Three soldiers were killed today when a grenade was thrown at them as they guarded a hospital north of Baghdad, US military officials and residents said.
A military spokesman said four soldiers from the 4th Infantry Division were wounded in the attack in Baquba, 50 km (30 miles) north of Baghdad, in the "Sunni triangle" where American troops have come under frequent attack.
The attack brings to more than 80 the number of US soldiers killed at enemy hands since Washington declared an end to major combat in Iraq on May 1st. Eight have died since US forces killed Saddam Hussein's sons Uday and Qusay on Tuesday.
Residents said an attacker had thrown the grenade from the roof of the hospital, a modest one-storey building on the banks of a tributary of the Tigris river. US troops sealed off the building after the attack and barred people from leaving.
Dozens of worried Iraqis with relatives in the hospital gathered outside the hospital gates.
"My wife and my baby boy are inside. I have a one-year-old daughter at home who needs her mother. We want the Americans to let them out," said one man, Mohammed Abdul Sattar.

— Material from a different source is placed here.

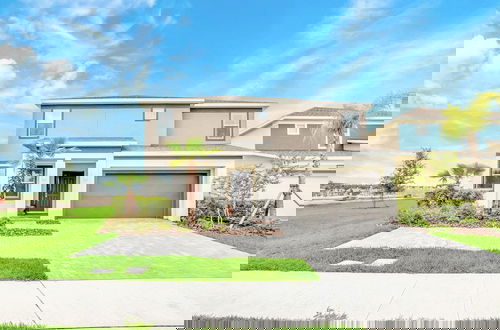 Foto 5 - 16-guest Lakefront Home w Pool-cinema-games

Soldiers said nobody would be allowed in or out of the hospital until tomorrow. Everybody inside the building was being photographed as part of the investigation into the attack.
Soldiers have been guarding hospitals and other public buildings to try to stem the lawlessness and looting following the toppling of Saddam.
US officials blame die-hard supporters of Saddam for the wave of ambushes on American troops, mainly in Baghdad and the Sunni Muslim heartland to the north and west.
Arab television networks have broadcast pictures of masked men with rocket-propelled grenades and automatic rifles vowing to avenge the deaths of Uday and Qusay, killed when US troops stormed their hideout in northern Iraq.